AGM Postulates Applied to Patch Synthesis

The AGM framework (Alchourrón, Gärdenfors, Makinson 1985) provides axioms for rational belief revision. Applied to code synthesis:

Classical AGM Postulates (Adapted)

AGM Postulate

Synthesis Interpretation

Closure

Theory closed under logical consequence (type inference)

Success

New evidence always incorporated

Inclusion

Revision ⊆ Expansion (don’t add beliefs beyond evidence)

Vacuity

If ¬φ ∉ K, then K+φ = K*φ (consistent additions are simple)

Consistency

K*φ is consistent if φ is consistent

Extensionality

Logically equivalent inputs yield same revision

The Totalizing Theory

@dataclass
class SynthesisTheory:
    """A totalizing theory about correct patches with full provenance."""

    # Core beliefs about what constitutes correct code
    type_beliefs: Set[TypeAssertion]
    behavior_beliefs: Set[BehaviorAssertion]
    invariant_beliefs: Set[InvariantAssertion]

    # Grounding: every belief traced to evidence
    provenance: Dict[Assertion, List[Evidence]]

    # Revision history for rollback
    revision_log: List[RevisionEvent]

    # Entrenchment ordering (which beliefs to sacrifice first)
    entrenchment: Dict[Assertion, float]

    def expand(self, assertion: Assertion, evidence: Evidence) -> 'SynthesisTheory':
        """AGM expansion: add belief when consistent."""
        if self._is_consistent_with(assertion):
            new_theory = self._copy()
            new_theory._add_belief(assertion, evidence)
            new_theory.revision_log.append(
                RevisionEvent(type='expand', assertion=assertion, evidence=evidence)
            )
            return new_theory
        else:
            # Must revise instead
            return self.revise(assertion, evidence)

    def contract(self, assertion: Assertion, evidence: Evidence) -> 'SynthesisTheory':
        """AGM contraction: remove belief minimally."""
        if assertion not in self._all_beliefs():
            return self  # Nothing to contract

        new_theory = self._copy()

        # Use entrenchment to guide minimal contraction
        to_remove = new_theory._compute_contraction_set(assertion)
        for belief in to_remove:
            new_theory._remove_belief(belief)

        new_theory.revision_log.append(
            RevisionEvent(type='contract', assertion=assertion, evidence=evidence)
        )
        return new_theory

    def revise(self, assertion: Assertion, evidence: Evidence) -> 'SynthesisTheory':
        """AGM revision: contract ¬assertion, then expand with assertion."""
        # Levi identity: K*φ = (K÷¬φ)+φ
        negation = self._negate(assertion)
        contracted = self.contract(negation, evidence)
        revised = contracted.expand(assertion, evidence)
        return revised

    def rollback(self, to_event: RevisionEvent) -> 'SynthesisTheory':
        """Rollback to a previous theory state."""
        idx = self.revision_log.index(to_event)
        # Replay log up to that point
        new_theory = SynthesisTheory.empty()
        for event in self.revision_log[:idx + 1]:
            new_theory = new_theory._apply_event(event)
        return new_theory

Grounded Assertions

Every assertion must be grounded in evidence.
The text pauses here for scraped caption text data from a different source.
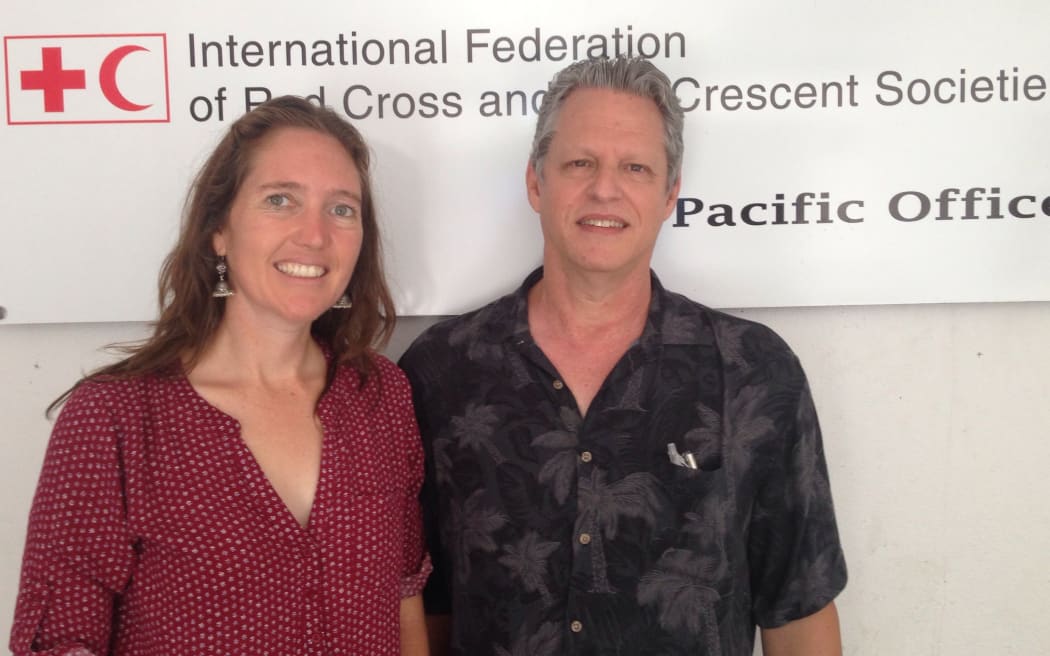 Head of the Pacific IFRC Office, Kathryn Clarkson and the Marshall Island's Jack Niedenthal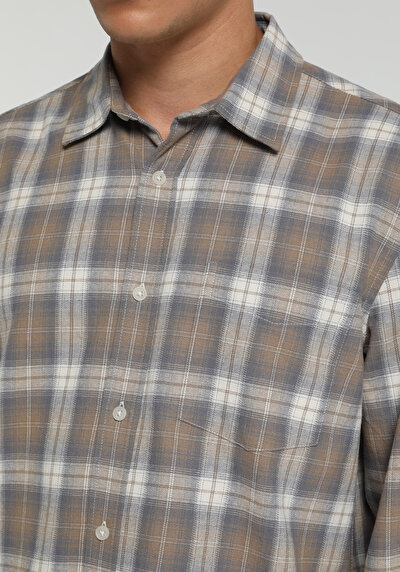 Image de Chemise À Manches Longues Beige Regular Fit Plaid Flanelle Homme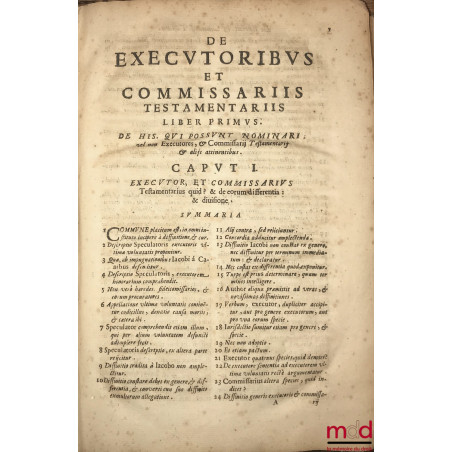 DE EXECUTORIBUS ET COMMISSARIIS TESTAMENTARIIS. LIBRI QUATUOR. Authore FRANCISCO CARPIO Ursaonensi, et in eadem celeberrima A...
Ungrounded assertions are inadmissible.

Evidence Types

class EvidenceType(Enum):
    TEST_PASS = "test_pass"           # Test execution succeeded
    TEST_FAIL = "test_fail"           # Test execution failed
    TYPE_CHECK = "type_check"         # Type checker accepted/rejected
    SMT_SAT = "smt_sat"              # SMT solver found satisfying assignment
    SMT_UNSAT = "smt_unsat"          # SMT solver proved unsatisfiable
    COUNTEREXAMPLE = "counterexample" # Concrete counterexample found
    PROOF = "proof"                   # Formal proof constructed
    MUTATION_KILLED = "mutation_killed"
    MUTATION_SURVIVED = "mutation_survived"
    LLM_SUGGESTION = "llm_suggestion" # Weak evidence, low entrenchment

@dataclass
class Evidence:
    """Grounding for an assertion."""
    type: EvidenceType
    source: str                    # Where this evidence came from
    timestamp: datetime
    reproducible: bool             # Can we re-verify this?
    confidence: float              # 0.0 to 1.0
    raw_data: Dict[str, Any]       # The actual evidence (logs, proofs, etc.)

    def strength(self) -> float:
        """Evidence strength determines entrenchment of derived beliefs."""
        base_strength = {
            EvidenceType.PROOF: 1.0,
            EvidenceType.SMT_UNSAT: 0.95,
            EvidenceType.SMT_SAT: 0.9,
            EvidenceType.COUNTEREXAMPLE: 0.85,
            EvidenceType.TYPE_CHECK: 0.8,
            EvidenceType.TEST_PASS: 0.7,
            EvidenceType.TEST_FAIL: 0.7,
            EvidenceType.MUTATION_KILLED: 0.6,
            EvidenceType.MUTATION_SURVIVED: 0.5,
            EvidenceType.LLM_SUGGESTION: 0.2,  # Weak!
        }
        return base_strength[self.type] * self.confidence

Grounding Rules

class GroundingChecker:
    """Ensure all assertions are properly grounded."""

    def check_grounding(self, theory: SynthesisTheory) -> List[GroundingViolation]:
        """Verify all beliefs have adequate grounding."""
        violations = []

        for assertion in theory.all_beliefs():
            evidence_list = theory.provenance.get(assertion, [])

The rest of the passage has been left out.